=== EXTRACTED MATERIAL ===
⁂

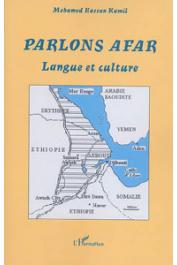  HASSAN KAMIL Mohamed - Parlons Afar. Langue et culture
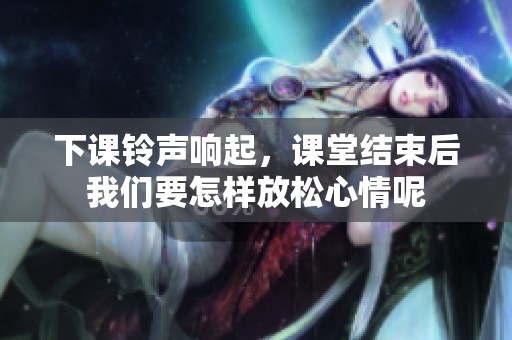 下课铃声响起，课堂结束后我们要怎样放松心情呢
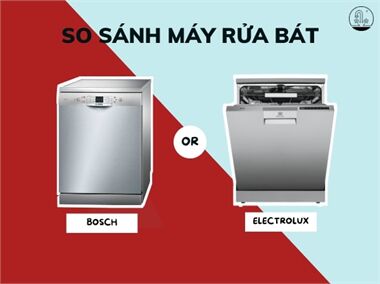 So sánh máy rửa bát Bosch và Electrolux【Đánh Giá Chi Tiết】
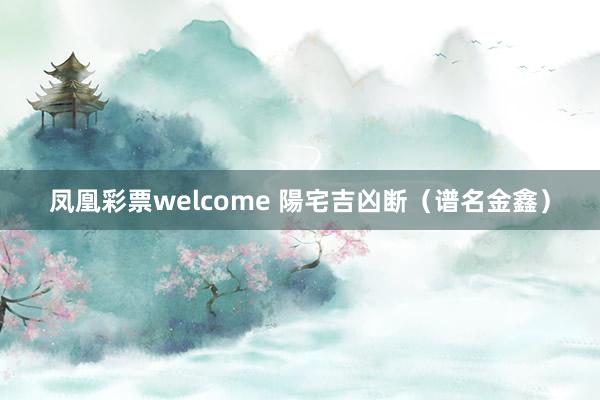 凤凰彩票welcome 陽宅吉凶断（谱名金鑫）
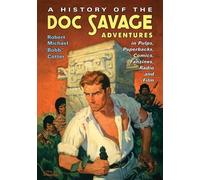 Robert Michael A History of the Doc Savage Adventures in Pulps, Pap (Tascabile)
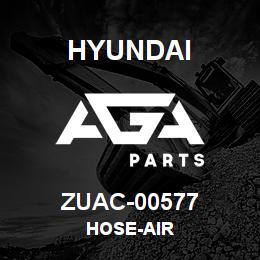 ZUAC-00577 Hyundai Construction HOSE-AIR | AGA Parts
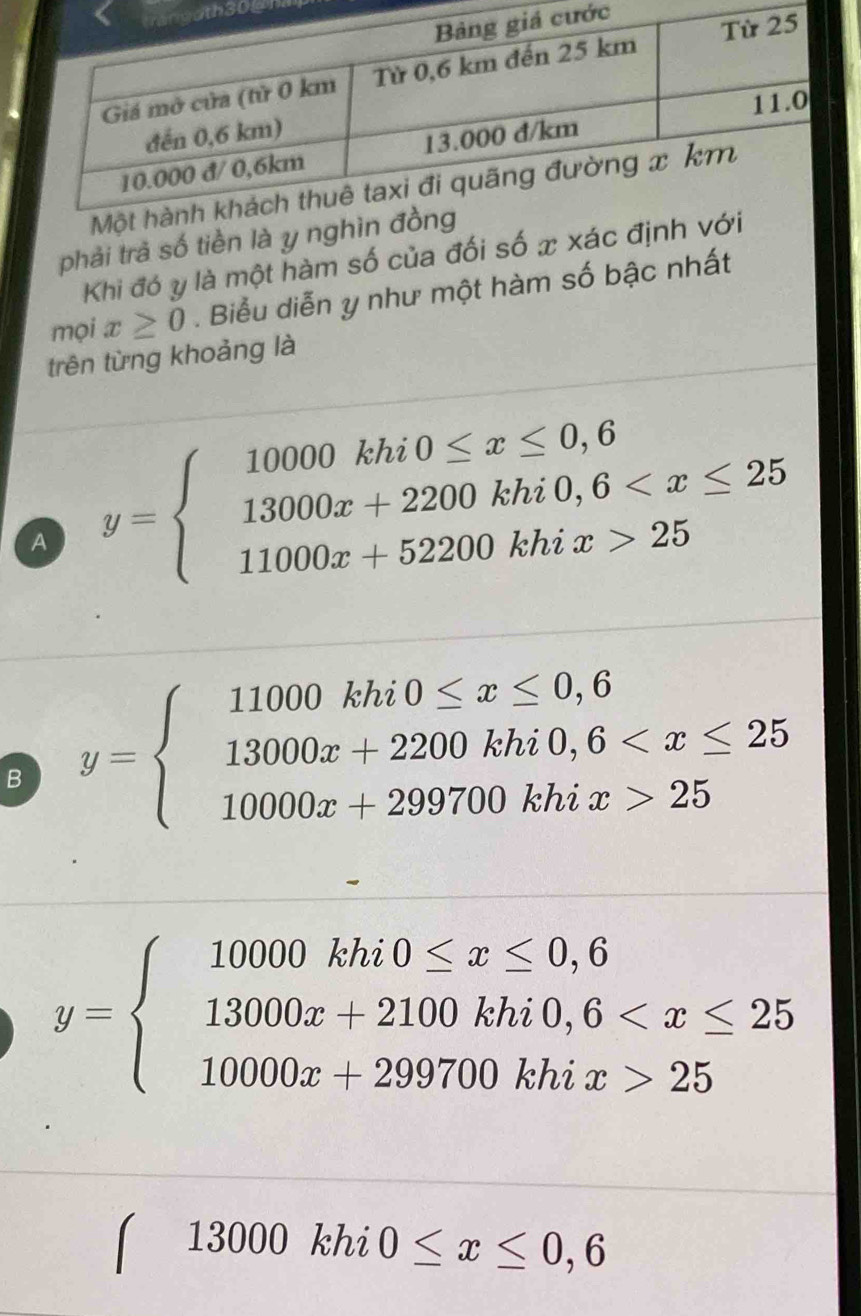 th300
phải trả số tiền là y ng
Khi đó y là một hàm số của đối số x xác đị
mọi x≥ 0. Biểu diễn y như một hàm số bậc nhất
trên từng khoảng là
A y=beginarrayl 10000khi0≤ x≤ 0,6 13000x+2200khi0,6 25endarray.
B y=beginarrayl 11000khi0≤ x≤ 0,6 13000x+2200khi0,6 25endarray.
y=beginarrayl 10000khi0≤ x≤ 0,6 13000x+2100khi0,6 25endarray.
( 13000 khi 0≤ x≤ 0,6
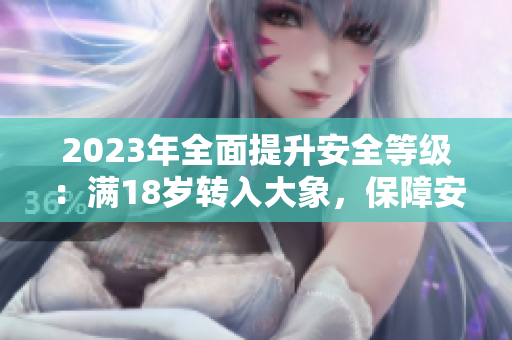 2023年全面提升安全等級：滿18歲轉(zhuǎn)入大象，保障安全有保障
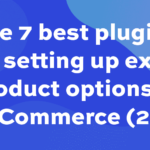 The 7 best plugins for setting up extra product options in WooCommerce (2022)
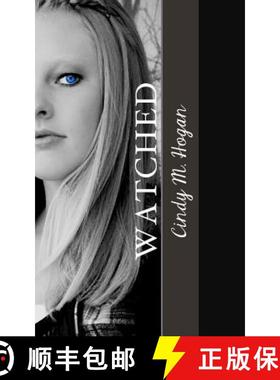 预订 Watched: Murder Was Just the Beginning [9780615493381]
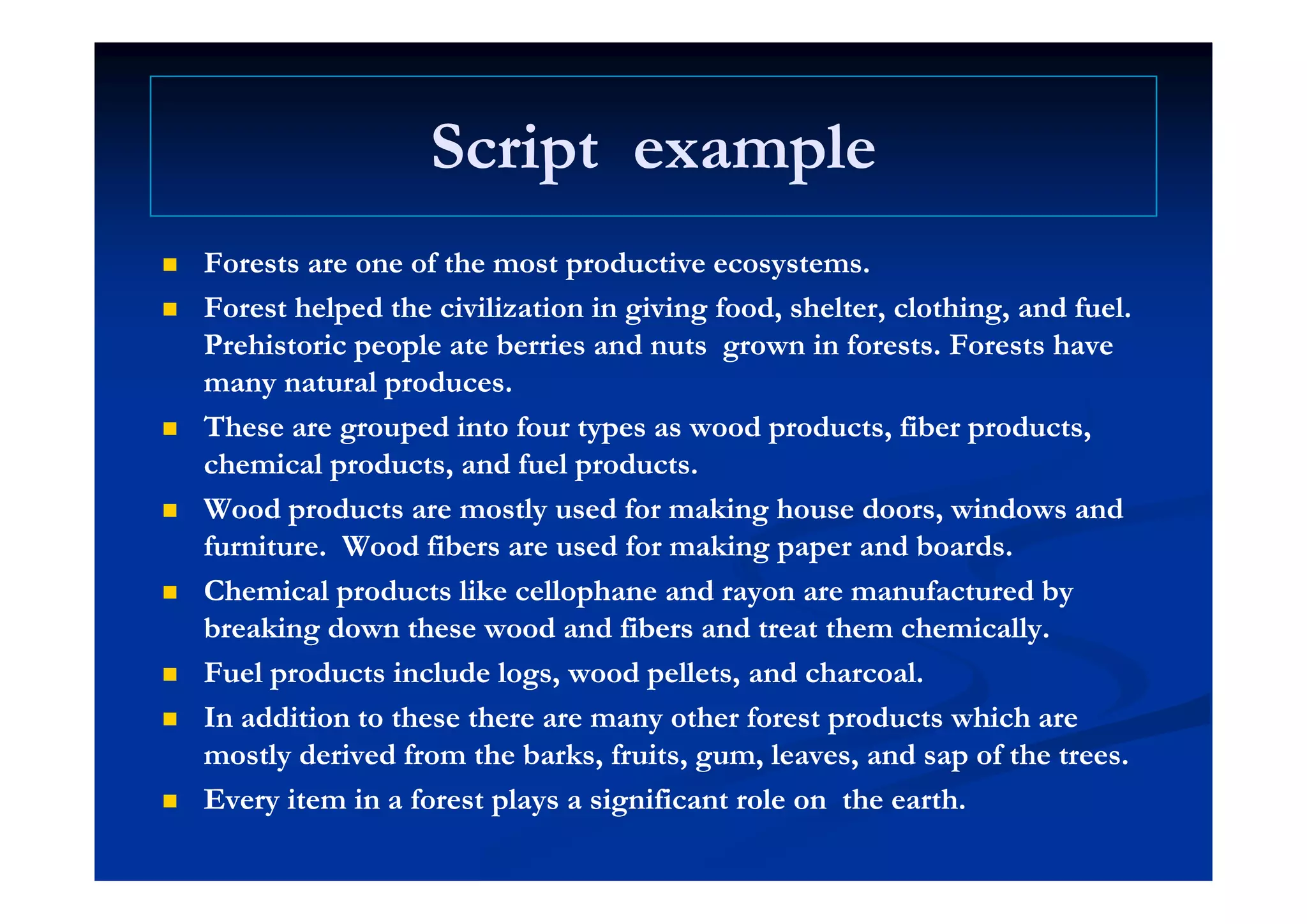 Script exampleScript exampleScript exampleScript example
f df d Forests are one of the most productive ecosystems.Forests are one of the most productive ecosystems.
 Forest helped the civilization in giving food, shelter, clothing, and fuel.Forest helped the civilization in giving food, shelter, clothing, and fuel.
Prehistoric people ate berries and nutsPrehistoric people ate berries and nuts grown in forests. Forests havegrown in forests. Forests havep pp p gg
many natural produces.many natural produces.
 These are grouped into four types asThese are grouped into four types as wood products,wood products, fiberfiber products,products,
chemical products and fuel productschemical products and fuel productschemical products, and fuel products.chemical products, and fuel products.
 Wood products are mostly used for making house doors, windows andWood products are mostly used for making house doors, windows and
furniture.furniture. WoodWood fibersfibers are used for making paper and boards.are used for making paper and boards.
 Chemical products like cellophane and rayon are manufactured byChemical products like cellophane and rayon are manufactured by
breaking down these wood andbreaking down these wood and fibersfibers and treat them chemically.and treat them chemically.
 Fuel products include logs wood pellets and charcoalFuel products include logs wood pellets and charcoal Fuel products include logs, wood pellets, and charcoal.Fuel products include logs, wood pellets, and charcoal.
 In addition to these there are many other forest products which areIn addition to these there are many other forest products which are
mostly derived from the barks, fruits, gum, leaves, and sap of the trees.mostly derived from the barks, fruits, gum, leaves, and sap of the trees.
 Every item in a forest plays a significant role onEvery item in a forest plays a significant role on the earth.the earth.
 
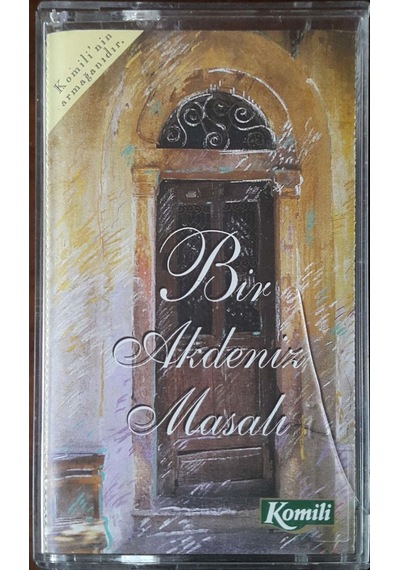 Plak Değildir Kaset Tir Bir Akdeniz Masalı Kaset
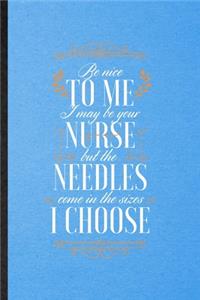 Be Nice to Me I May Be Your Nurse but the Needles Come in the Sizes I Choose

⁂

=== ABOUT THIS TASK ===
Output only the lines from the one that contains "of the trees.mostly" to the end of the entries above, both end lines included, and drop the pictures.

=== EXPECTED OUTPUT ===
mostly derived from the barks, fruits, gum, leaves, and sap of the trees.mostly derived from the barks, fruits, gum, leaves, and sap of the trees.
 Every item in a forest plays a significant role onEvery item in a forest plays a significant role on the earth.the earth.
 
 Plak Değildir Kaset Tir Bir Akdeniz Masalı Kaset
 Be Nice to Me I May Be Your Nurse but the Needles Come in the Sizes I Choose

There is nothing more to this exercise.